L’Argentina, a meno di vent’anni dalla precedente crisi economica, è infatti di nuovo alle prese con il tentativo delle istituzioni internazionali di attaccare i diritti dei lavoratori e delle parti meno garantite della società, in ottica ad un sistema-mondo capitalistico che di volta in volta distrugge tessuti sociali per ricreare condizioni favorevoli allo sfruttamento.
La dinamica è la stessa che ha caratterizzato le “politiche del saccheggio” in Argentina e in tanti altri Stati: politiche economiche utili solo ai grandi capitalisti conducono a spirali di crisi, che vengono risolte ancora in ossequio a chi è già garantito.

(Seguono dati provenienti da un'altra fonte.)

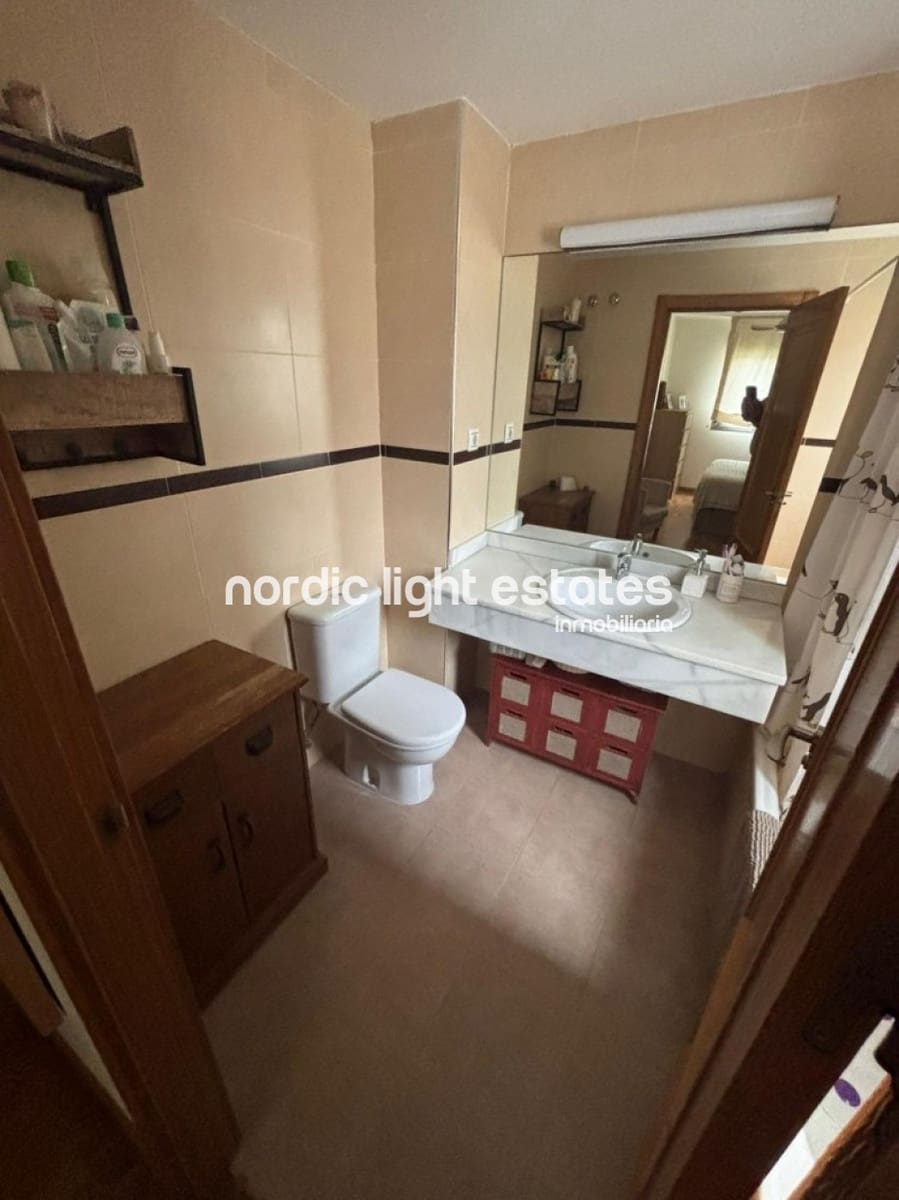 3 bedroom Apartment for sale in Rincon de la Victoria with pool garage - € 399,000 (Ref: 9369220)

La crescita “inclusiva” che sarebbe stata esito delle politiche neoliberiste di Macrì come ovvio non si è vista, anzi il presidente si è concentrato sopratutto sull’approvare in senso peggiorativo il sistema delle pensioni.
Colpito dalla svalutazione del peso e dall’aumento dell’inflazione, invece di redistribuire la ricchezza aumentando i redditi delle fasce più basse, il governo si è prestato ad ulteriori attacchi ai diritti in nome dell’austerità e della riduzione del debito pubblico. Con il risultato di peggiore ulteriormente la situazione, in un contesto di guerre commerciali e di crisi economica a venire dove paesi emergenti come Turchia, India, Brasile (dalla situazione simile a quella argentina) vivono le stesse difficoltà e ondeggiano tra politiche ultraliberiste e involuzioni autoritarie.
In Argentina un bambino su due vive sotto la soglia di povertà, mentre i rapporti tra la politica e l’economia sono all’insegna della corruzione. Il quarto sciopero generale della Presidenza Macrì sta portando alla ribalta queste ed altre contraddizioni, in uno scenario all’insegna del tragico deja vù.